Once the pictures are removed, output the remaining entries exactly as given.

[Provided material]

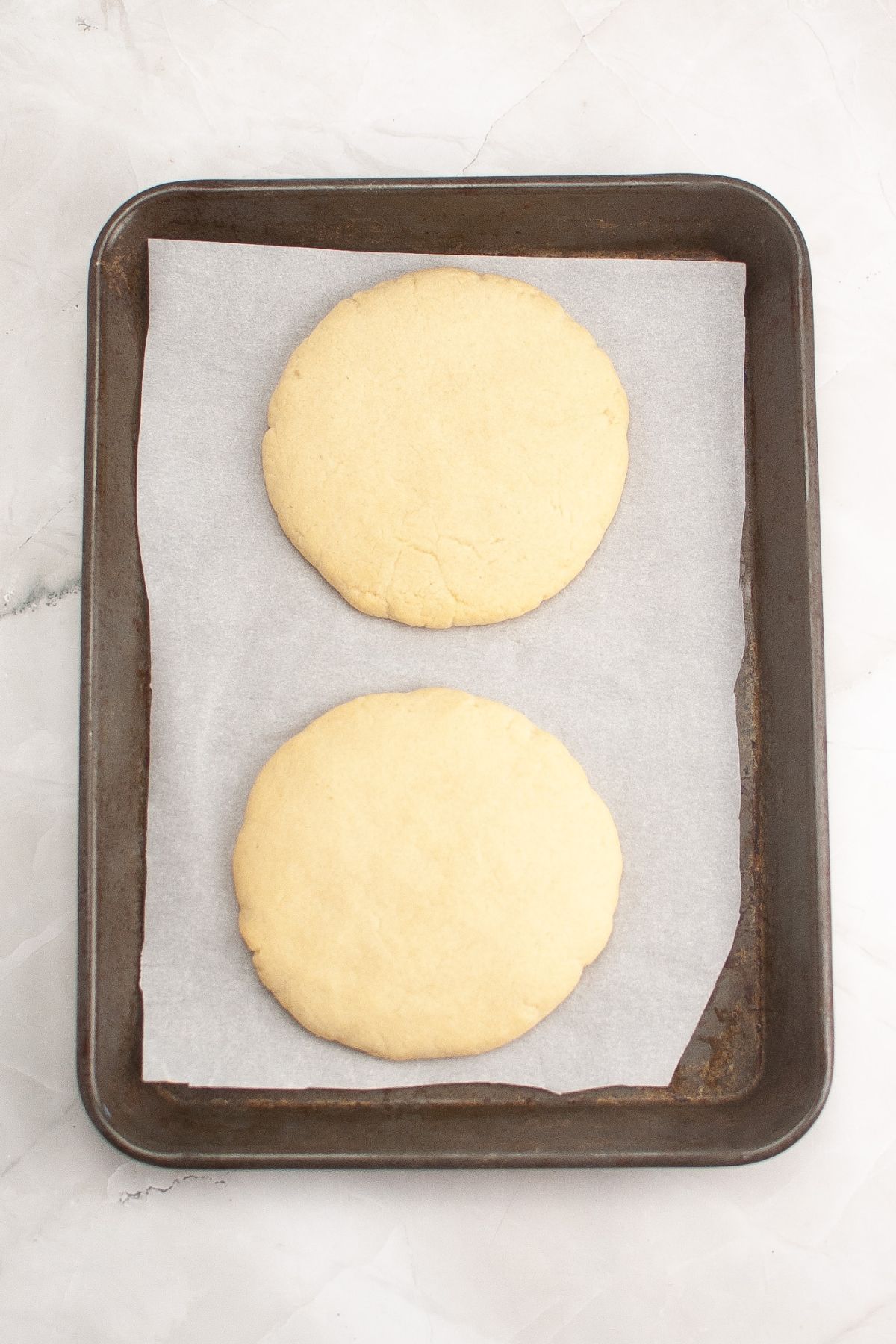 Two cookie dough balls on a parchment lined baking sheet ready for the oven.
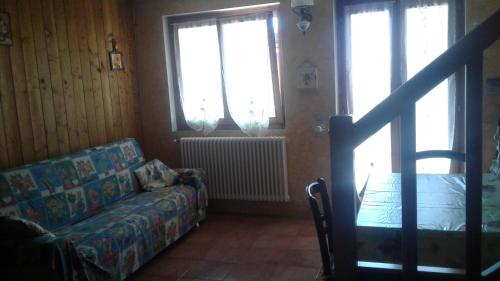 a living room with a couch and two windows at Holiday home Désirée in Sorico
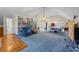 Spacious bonus room featuring a large built-in bookshelf, sitting area and craft tables at 1961 Luke Edwards Rd, Dacula, GA 30019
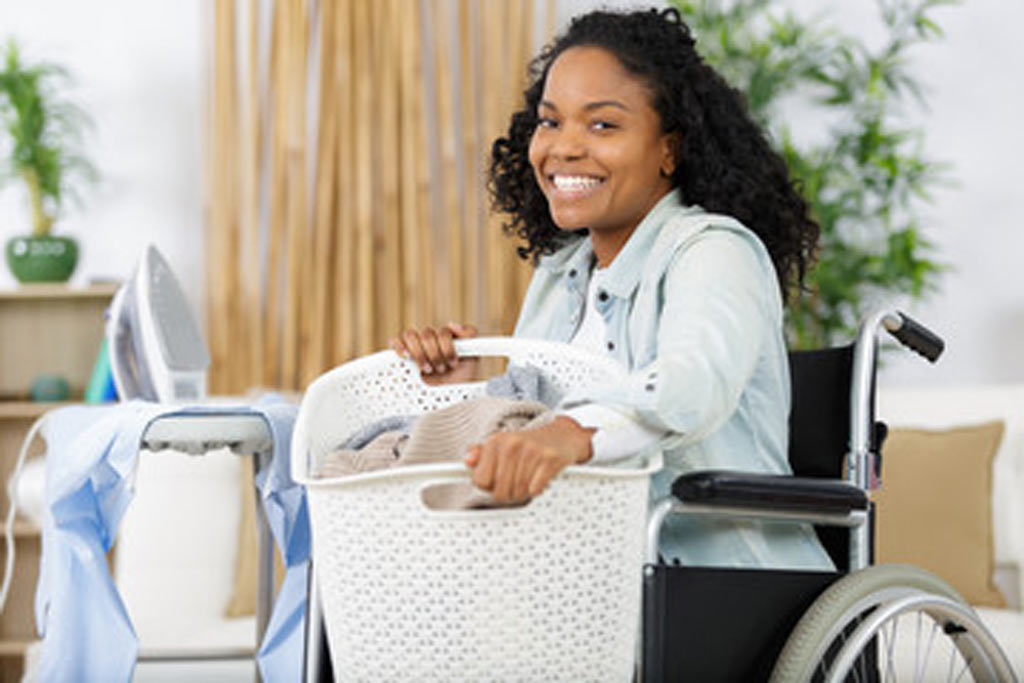 A woman in a wheelchair doing laundry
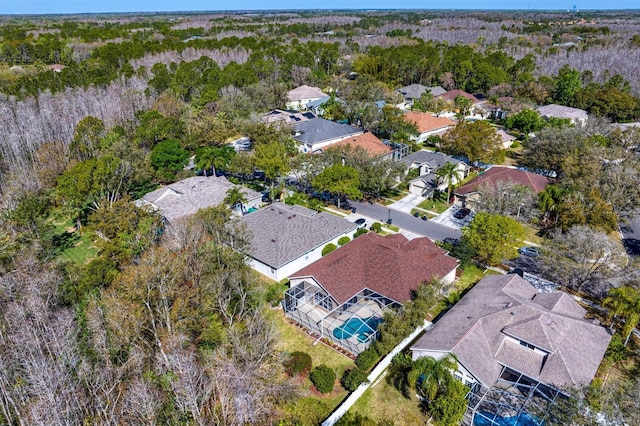 aerial view featuring a residential view and a view of trees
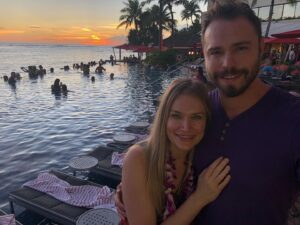 Kym Jackson Instagram - And theeen 6 months after we started dating - when your plans of proposing at burning man with a plastic electric glow ring @paultahoe and @brianaevigan found didn’t work out (I stole the ring from your bag because it was shiny and you couldn’t get reception to call my dad for permission) - you took me to Hawaii to “meet your parents”.

You proposed on the beach just after Sunset with a song you’d written the day before.. you remembered most of the words and made up the rest on the spot and it was absolutely perfect! 😻😻😻

My response was easy: “of course I will! Of course!!!”

#engaged #engagedlife #fuckyes #soulmates #bestfriends #storyofus #thestoryofus #hawaii #proposal #husbandmaterial #happiliyeverafter #kahala #kahalahotel #sheratonhawaii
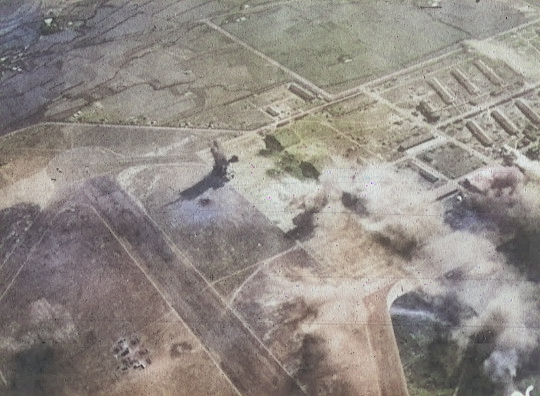 Shinchiku Airfield under US Navy carrier aircraft attack, Taiwan, 12 Oct 1944, photo 1 of 2 [Colorized by WW2DB]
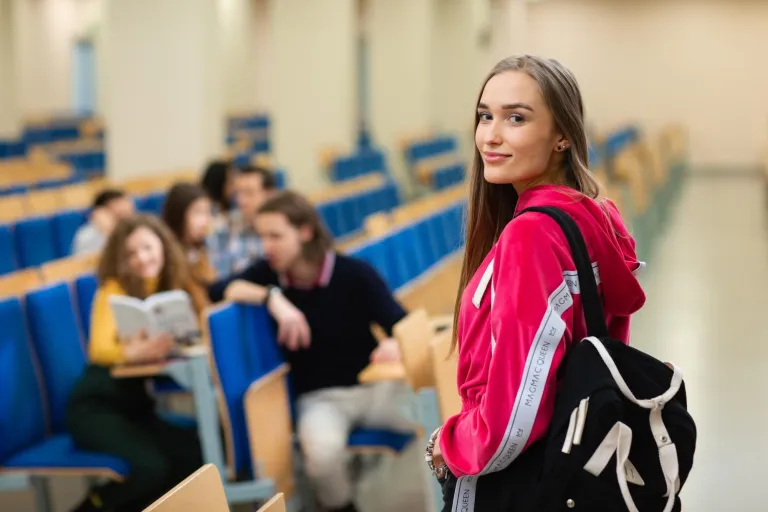 Pedagogika opiekuńczo-wychowawcza z neuropedagogiką | Studia I stopnia w Opolu | Uniwersytet WSB Merito Opole: Młoda dziewczyna patrzy w obiektyw a tle widać grupę dziewcząt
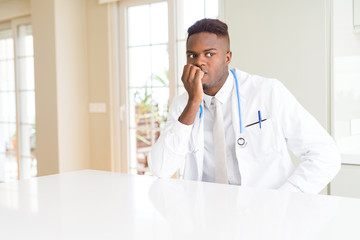 Wall Mural - African american doctor man at the clinic looking stressed and nervous with hands on mouth biting nails. Anxiety problem.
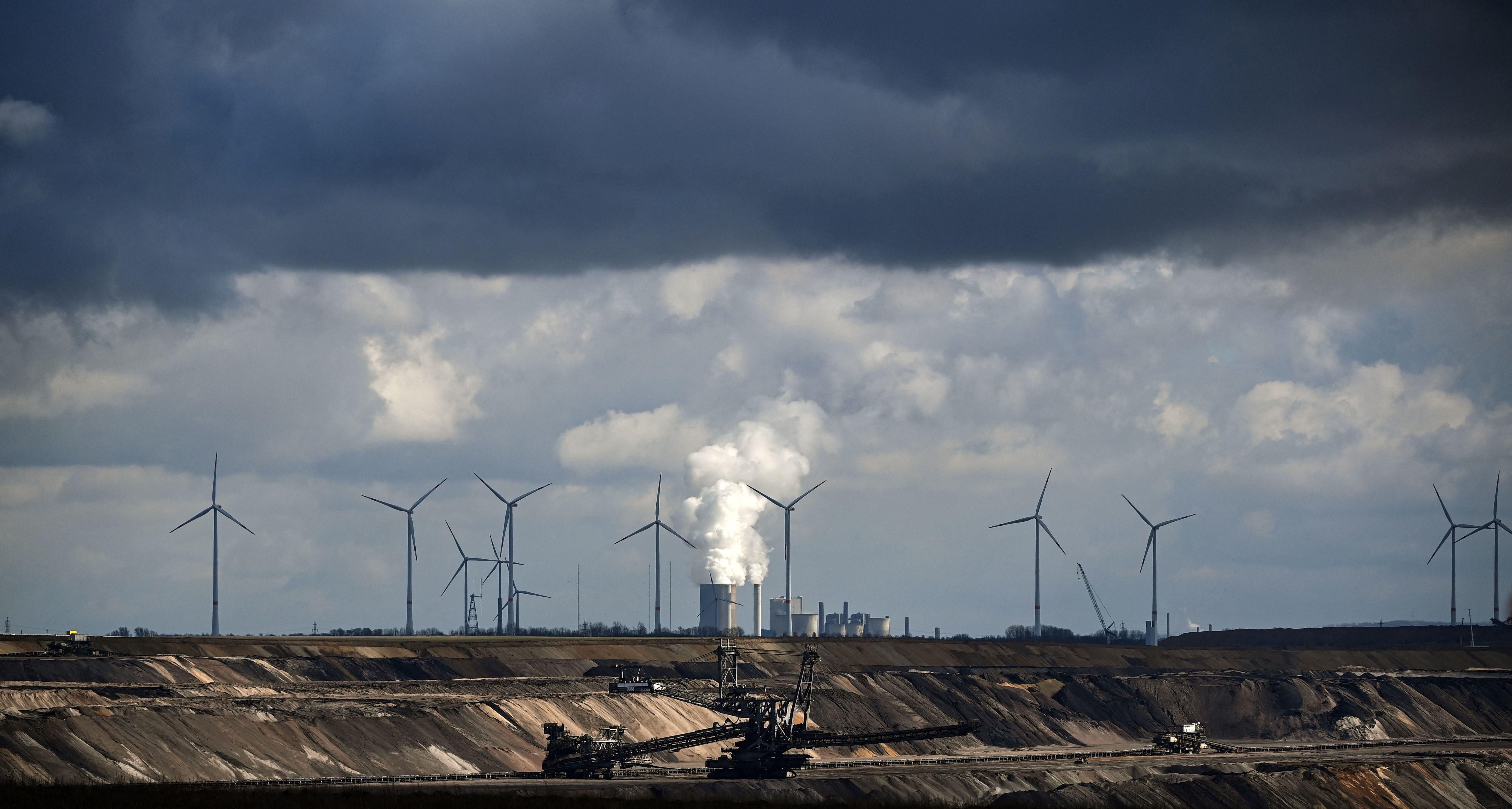 In Garzweiler, Germany, wind turbines are seen near an open-cast mining operation and a coal-fired power plant run by German energy giant RWE on March 15, 2021.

[/Provided material]

▸ Answer:
 Two cookie dough balls on a parchment lined baking sheet ready for the oven.
 a living room with a couch and two windows at Holiday home Désirée in Sorico
 Spacious bonus room featuring a large built-in bookshelf, sitting area and craft tables at 1961 Luke Edwards Rd, Dacula, GA 30019
 A woman in a wheelchair doing laundry
 aerial view featuring a residential view and a view of trees
 Kym Jackson Instagram - And theeen 6 months after we started dating - when your plans of proposing at burning man with a plastic electric glow ring @paultahoe and @brianaevigan found didn’t work out (I stole the ring from your bag because it was shiny and you couldn’t get reception to call my dad for permission) - you took me to Hawaii to “meet your parents”.

You proposed on the beach just after Sunset with a song you’d written the day before.. you remembered most of the words and made up the rest on the spot and it was absolutely perfect! 😻😻😻

My response was easy: “of course I will! Of course!!!”

#engaged #engagedlife #fuckyes #soulmates #bestfriends #storyofus #thestoryofus #hawaii #proposal #husbandmaterial #happiliyeverafter #kahala #kahalahotel #sheratonhawaii
 Shinchiku Airfield under US Navy carrier aircraft attack, Taiwan, 12 Oct 1944, photo 1 of 2 [Colorized by WW2DB]
 Pedagogika opiekuńczo-wychowawcza z neuropedagogiką | Studia I stopnia w Opolu | Uniwersytet WSB Merito Opole: Młoda dziewczyna patrzy w obiektyw a tle widać grupę dziewcząt
 Wall Mural - African american doctor man at the clinic looking stressed and nervous with hands on mouth biting nails. Anxiety problem.
 In Garzweiler, Germany, wind turbines are seen near an open-cast mining operation and a coal-fired power plant run by German energy giant RWE on March 15, 2021.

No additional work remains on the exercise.